[Listed entries]
---

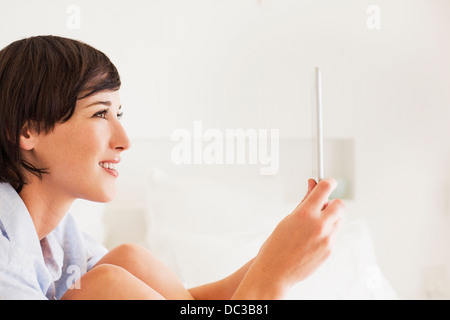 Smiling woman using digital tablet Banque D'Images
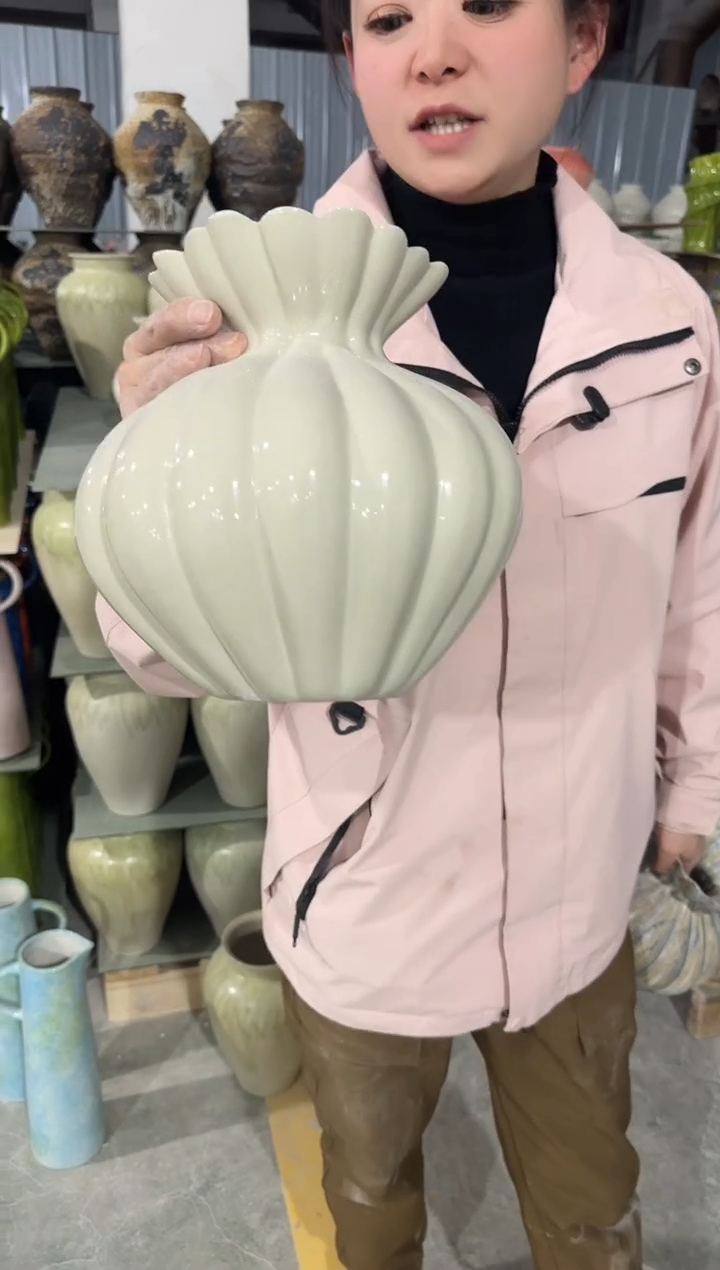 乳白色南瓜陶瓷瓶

---

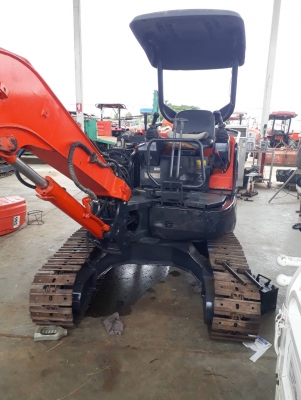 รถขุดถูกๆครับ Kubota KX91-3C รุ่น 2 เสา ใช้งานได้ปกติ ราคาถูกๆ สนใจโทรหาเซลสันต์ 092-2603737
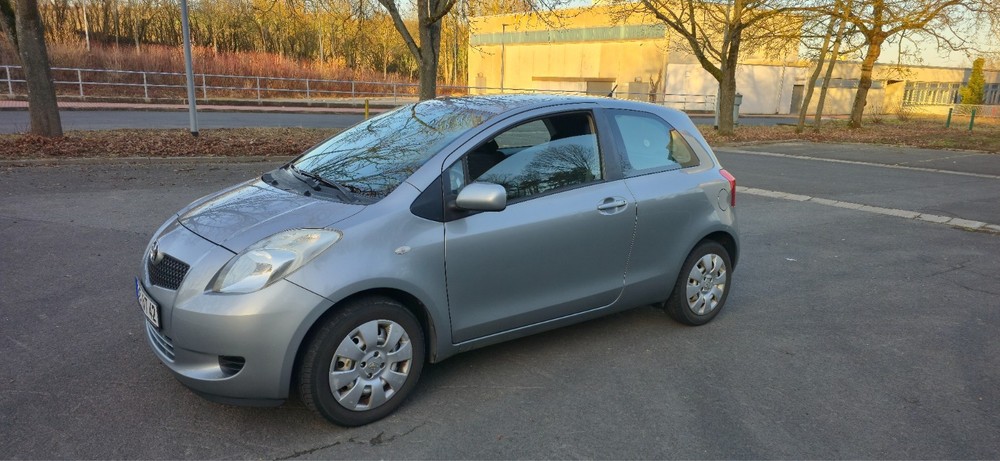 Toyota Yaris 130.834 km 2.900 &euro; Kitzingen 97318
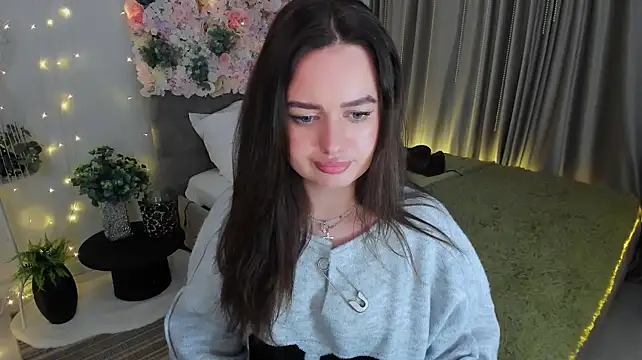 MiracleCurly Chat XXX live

---

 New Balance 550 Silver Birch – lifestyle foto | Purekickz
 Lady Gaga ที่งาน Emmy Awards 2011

---

[What is needed]
Among the entries above, find the line with "รถขุดถูกๆครับ Kubota KX91-3C" and repeat exactly from there through the line with "MiracleCurly Chat XXX live", leaving out the pictures.

[Solution for this task]
 รถขุดถูกๆครับ Kubota KX91-3C รุ่น 2 เสา ใช้งานได้ปกติ ราคาถูกๆ สนใจโทรหาเซลสันต์ 092-2603737
 Toyota Yaris 130.834 km 2.900 &euro; Kitzingen 97318
 MiracleCurly Chat XXX live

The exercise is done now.